In fact, the only real reason for sticking with the FAT32 file system for any of your data is if you have more than one operating system on your PC and the other OS's can only see FAT32 partitions (as would be the case with Windows 98, for example, which is incapable of reading NTFS data).
To convert your drives to NTFS: Right click on 'my computer' and select 'manage' From the computer management window, expand storage and select 'disk management.' Using the 'file system' column of the upper pane of this window, you can easily check what file system each of your logical drives is using. Make a note of this information. Now open a command prompt window by going to 'start\run' and typing 'cmd' To convert a disk to NTFS, type 'convert (drive letter): /fs:ntfs' So for example, if you were going to convert your C: drive, you would type 'Convert c: /fs:ntfs' at the prompt.

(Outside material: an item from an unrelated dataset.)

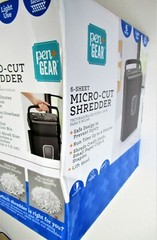 Pen+Gear Paper Shredder 6-Sheet Micro Cut Credit Card, CD, DVD Shredding Machine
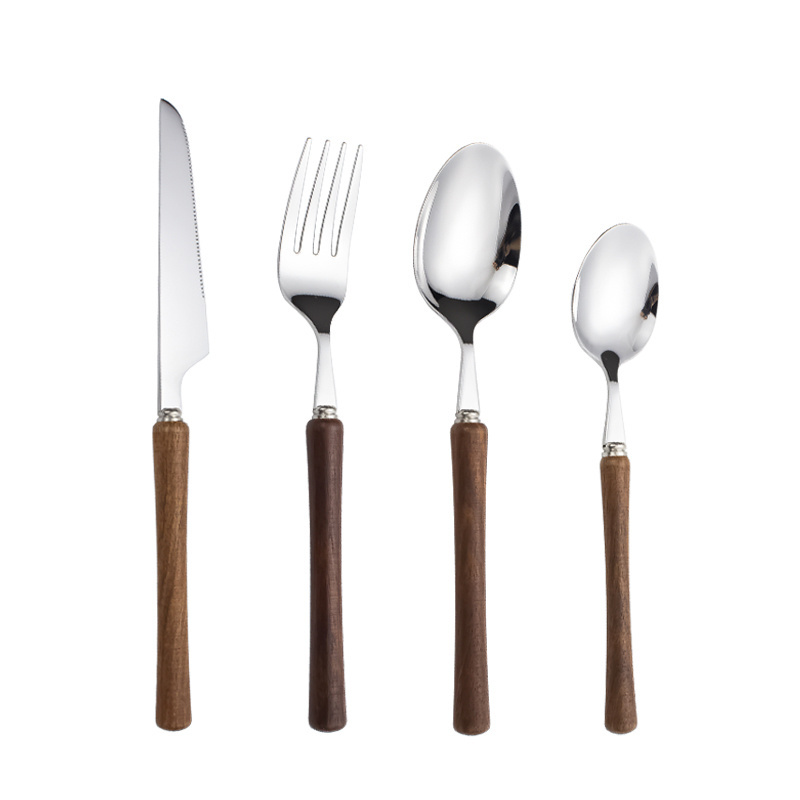 Luxury Silverware Stainless Steel Wooden Handle Cutlery Set 4-piece Knife Fork Spoon Cubiertos Set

b) Drivers Obtain the newest drivers for your hardware This may seem a bit obvious, but keeping your system's drivers up to date can give both your performance and stability a boost. Video card manufacturers release updates especially often, and these can often give "significant boosts" to gaming performance as video card in question is "optimized."
Don't neglect the other components of your system either. Your motherboard manufacturer may have released newer versions of its Input/output drivers for your board, and sound cards and other peripherals can also benefit from newer software.